Enjoy waking up early, be in good shape: the secret to a happy military life

Note: Originally published in 2016, but still true.

Two seemingly enduring aspects of military life are the tenets that starting things unnaturally early is best, and physical fitness is paramount. Failing to master these two things makes military life more miserable than it needs to be.

As a new private, first call was a dreaded affair. It was the time that my Team Leader or Squad Leader banged on my barracks room door in the morning to get me out of bed and ready for physical training. On most mornings first call was 0600. I tried my best to set my alarm to 0555 to get the jump on the NCOs and get into the shared latrine a few minutes before the rush of sleepy, grumpy soldiers. Most mornings, though, I let my NCO be my alarm clock so I could get the most sleep possible.

Within 25 minutes of waking up, I’d be standing in formation waiting to be subjected to whatever physical training my Squad Leader could dream up – in this case, usually a fast, long run up and down Fort Bragg’s firebreaks.

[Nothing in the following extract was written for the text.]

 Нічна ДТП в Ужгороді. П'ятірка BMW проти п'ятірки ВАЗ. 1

The combination of being forced to get up early and thrust into physical training makes mornings miserable for many soldiers.

Over the years, I’ve come to terms with the idea that the military is going to make me get up early, just about every day. Instead of resisting this and trying to eek out a little bit more sleep by waking up at the absolute last-minute, I’ve shifted my wake up time far to the left, waking up at an ungodly hour that insulates me from having to rush. This means having to go to bed early, but that is usually something I can control.

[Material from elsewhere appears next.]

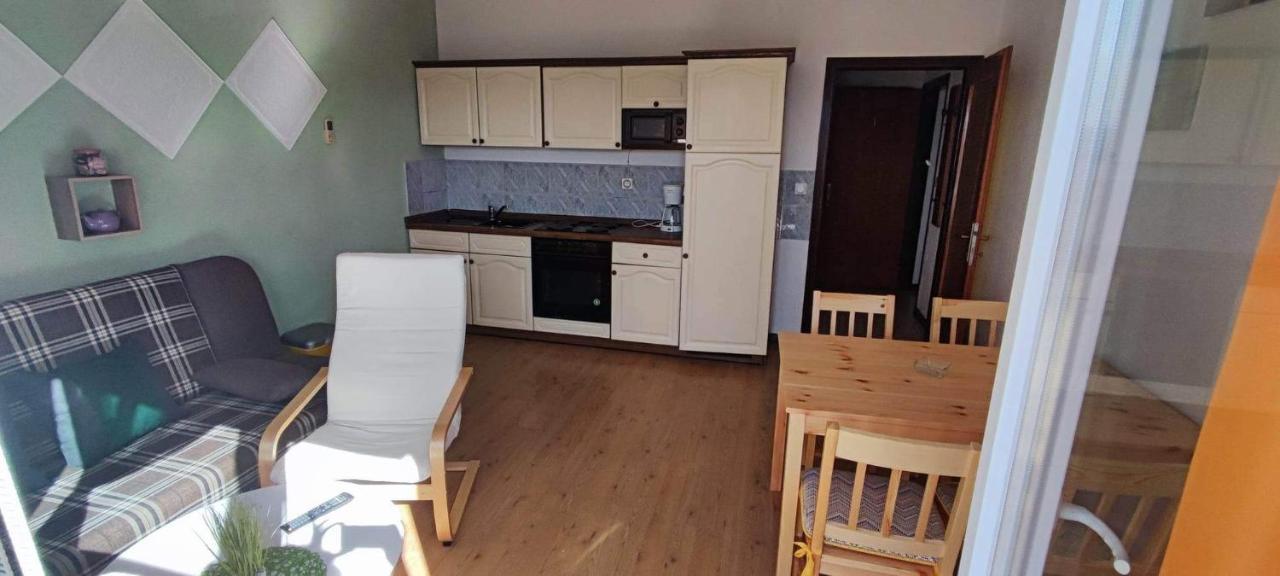 Sveti Vid-Miholjice Apartments Berny מראה חיצוני תמונה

I’ve grown to not only make waking up at an early time a habit, even on the weekends, but I’ve come to enjoy the mornings more than any other time of the day because it is truly my time. What I do with it is completely up to me.

When it comes to physical training, taking responsibility for your own fitness ensures you can go to work feeling reasonably confident that you can handle whatever physical training you are forced to do.

Much of the misery that soldiers endure are connected to these two things – sleep and fitness. Waking up early and enjoying it together with staying in good physical condition can make military life a whole lot easier.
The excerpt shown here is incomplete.